Procedure: Self-identified female students would complete this measure during school hours in the month of April, with the goal that the data collection take place for all students within the same week. Students would be told to reflect on all teachers over the past academic year. Students would be told that their responses are anonymous and that results would be used to provide better supports and opportunities for student learning. Students would be given 20 minutes to complete the measure via computer and indicate their racial or ethnic identity. For a subset of the respondents, the data collection would take place in a separate room in order to gather cognitive processing information via think alouds. That is, the computer would have headphones and a microphone so the student could explain how they are processing the meaning of the item and selecting their response. The think aloud information will be helpful if measurement invariance is not established across subpopulations (i.e., possible explanations for DIF may emerge from the recorded think alouds).
Analytic Approach
Data would be screened and an estimation method chosen based on item response distributions: ML estimation if all response options are chosen and distributions are normal, robust ML if all response options are chosen and distributions are considered nonnormal (skew > |3| and kurtosis >|8|), and robust DWLS estimation if all response options are not chosen (data treated as categorical).

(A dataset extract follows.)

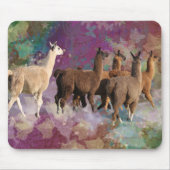 Vijf Llama Cloud Walk Fantasy White en bruine Lama Muismat (Voorkant)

Assuming all response options are chosen, measurement invariance would be tested across the subpopulations using the following procedures. First, configural invariance would be assessed by fitting a one-factor model to the four item responses separately for each subpopulation. If the configural model does not fit the data well, model misfit will be diagnosed and discussed, potentially with the think aloud data if helpful. If the configural model fits the data well for each group, metric invariance will be tested by constraining the unstandardized factor pattern coefficients to be equal across subpopulations. If the metric model indicates model-data misfit, the non-uniform DIF would be identified and discussed, potentially with the think aloud data if helpful. If the metric model fits the data well, scalar invariance would be tested by constraining the item intercepts to be equal across subpopulations. If the scalar invariance model indicates model-data misfit, uniform DIF would be identified and discussed, potentially with the think aloud data if helpful. If the scalar model fit the data well, then full measurement invariance would be established, indicating the measure functions the same across the subpopulations. At this point, differences in the latent mean of “Perceptions of Differential Treatment by Teachers” could be estimated across groups, along with differences in the latent variance of the factor. The means and variances of the observed composite score of “Perceptions of Differential Treatment by Teachers” could also be computed for each subpopulation. A comparison of the latent effect sizes and observed effect sizes would indicate the impact of measurement error on statements about subgroups mean differences on “Perceptions of Differential Treatment by Teachers”.